In 2024, Hidalgo created the Hannah's Helping Hands Foundation, which is designed to provide outreach and philanthropic endeavors focused on sports, health, education, financial literacy, and family support for local members of the South Bend, Indiana and Greater Philadelphia communities. In July 2025, Hidalgo was named as one of 14 college players to sign an NIL deal with Unrivaled, under its 'The Future is Unrivaled Class of 2025'.

===Social media controversy===
In July 2024, Hidalgo, then a 19-year-old, re-posted a clip on her Instagram story of a conversation between Don Lemon, an openly gay television journalist, and Candace Owens, a conservative political commentator that highlighted Owens' opinion that being in a gay relationship was a "sin" and she, "[didn't] believe marriage can be between two men." Hidalgo later removed the post from her account. In January 2025, former Notre Dame head coach, Muffet McGraw, called the post "almost insulting to her teammates, to everybody in the game of basketball. I was really disappointed that it came out that way. I was happy that she deleted it, but the damage I think was done before she deleted it."

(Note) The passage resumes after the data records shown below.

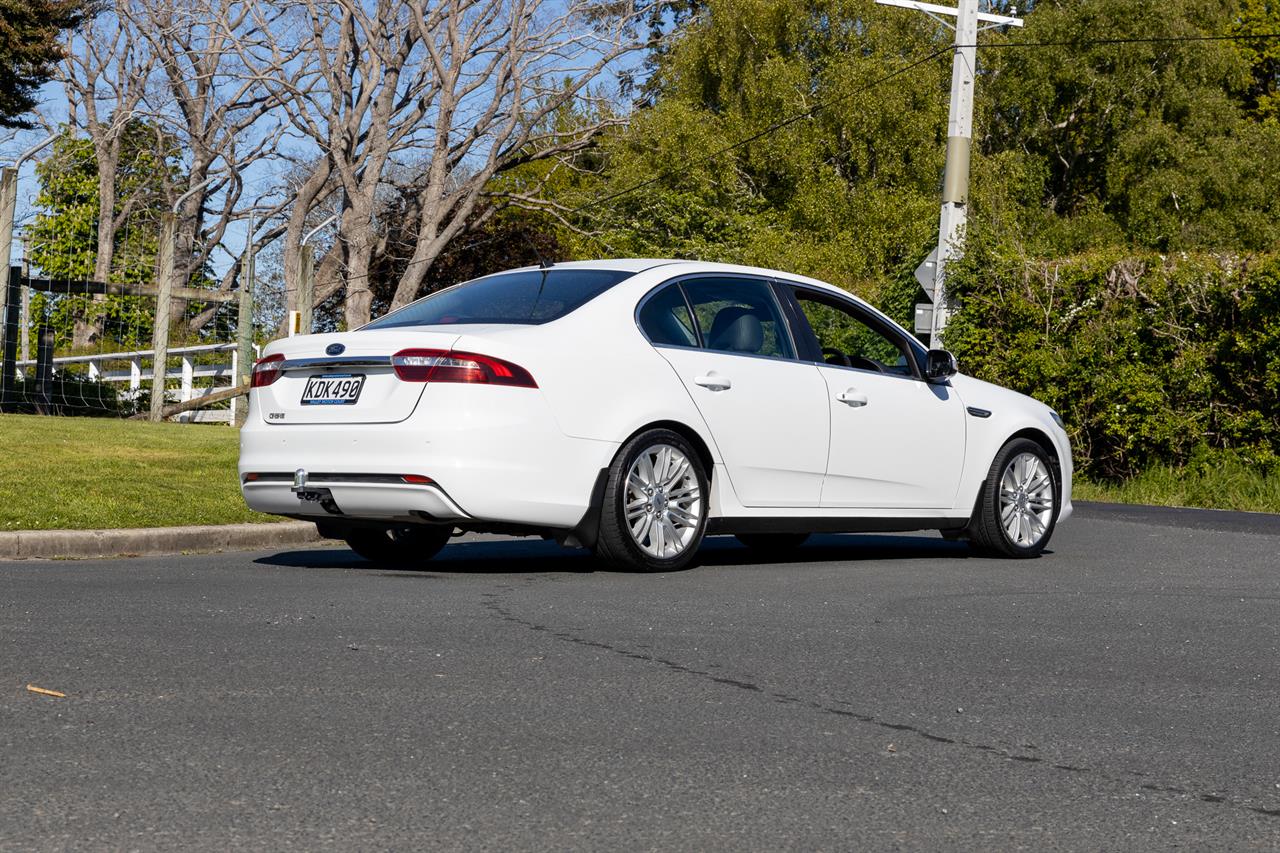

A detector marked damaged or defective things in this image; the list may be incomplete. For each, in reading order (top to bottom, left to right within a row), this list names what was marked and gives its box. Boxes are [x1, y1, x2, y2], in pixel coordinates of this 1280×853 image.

crack in asphalt [481, 584, 1280, 819]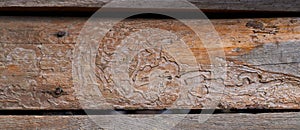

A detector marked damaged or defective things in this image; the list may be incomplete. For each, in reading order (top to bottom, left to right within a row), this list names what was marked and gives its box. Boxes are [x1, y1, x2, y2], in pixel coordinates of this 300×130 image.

splintered wood edge [0, 16, 298, 109]
splintered wood edge [0, 112, 298, 129]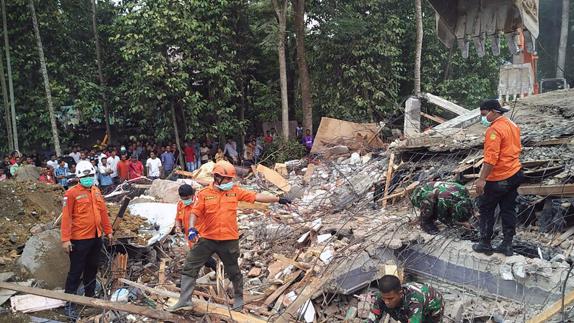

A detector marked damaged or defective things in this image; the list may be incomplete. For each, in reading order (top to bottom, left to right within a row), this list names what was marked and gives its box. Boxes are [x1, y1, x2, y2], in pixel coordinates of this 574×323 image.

earthquake damage [1, 89, 574, 323]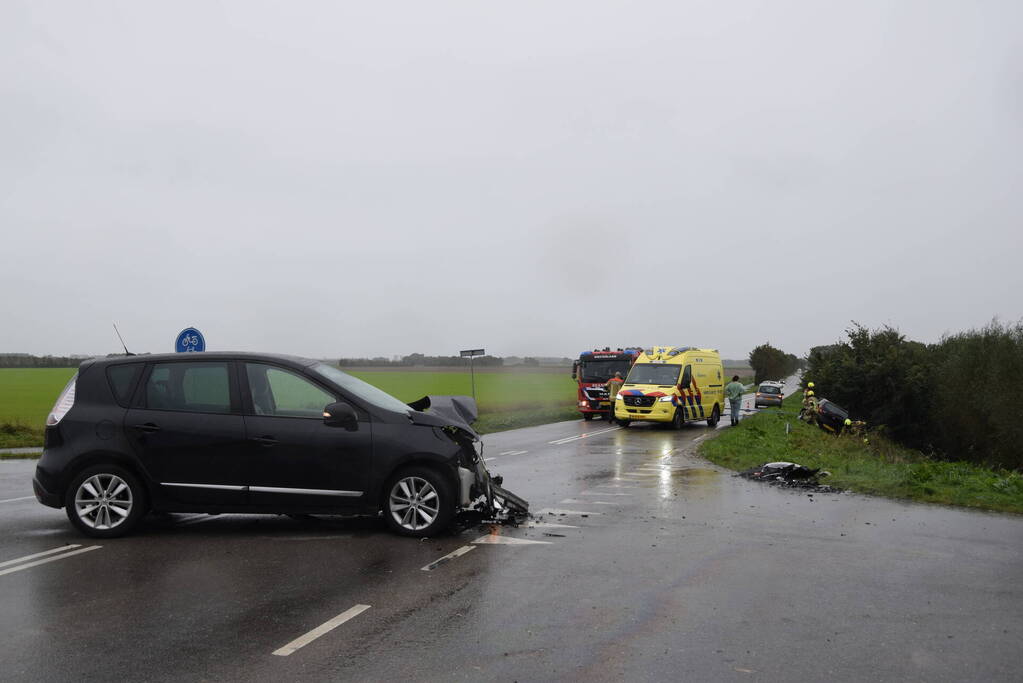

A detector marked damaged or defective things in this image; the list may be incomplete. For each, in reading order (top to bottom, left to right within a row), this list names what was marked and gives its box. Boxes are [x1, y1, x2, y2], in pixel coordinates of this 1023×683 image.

crashed car [32, 352, 528, 540]
damaged black car [32, 352, 528, 540]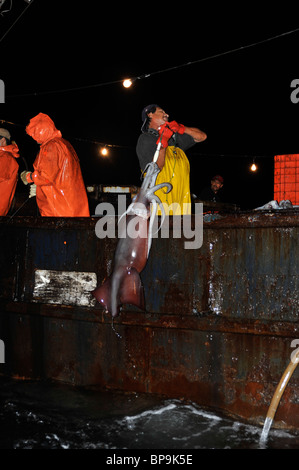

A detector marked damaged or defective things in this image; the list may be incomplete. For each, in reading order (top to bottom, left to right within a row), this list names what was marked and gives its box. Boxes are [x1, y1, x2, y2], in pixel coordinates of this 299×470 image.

In April 2025, nine months after her reposting the clip of Candace Owens, in an essay written for The Players' Tribune, Hidalgo addressed this controversy and referred to the post as a "mistake" that "[gave] the wrong impression, [and] maybe even hurt people I care about." She went on to write, "I am not homophobic — I love all people, and believe we all deserve to exist authentically."

===In popular culture===
In March 2025, ESPN+ announced a second season of their docuseries, Full Court Press would premiere in May 2025. The series (from Peyton Manning's Omaha Productions and Words & Pictures) followed Hidalgo, USC's Kiki Iriafen, and Louisiana State's Flau'jae Johnson throughout their 2024–25 NCAA basketball season and postseason.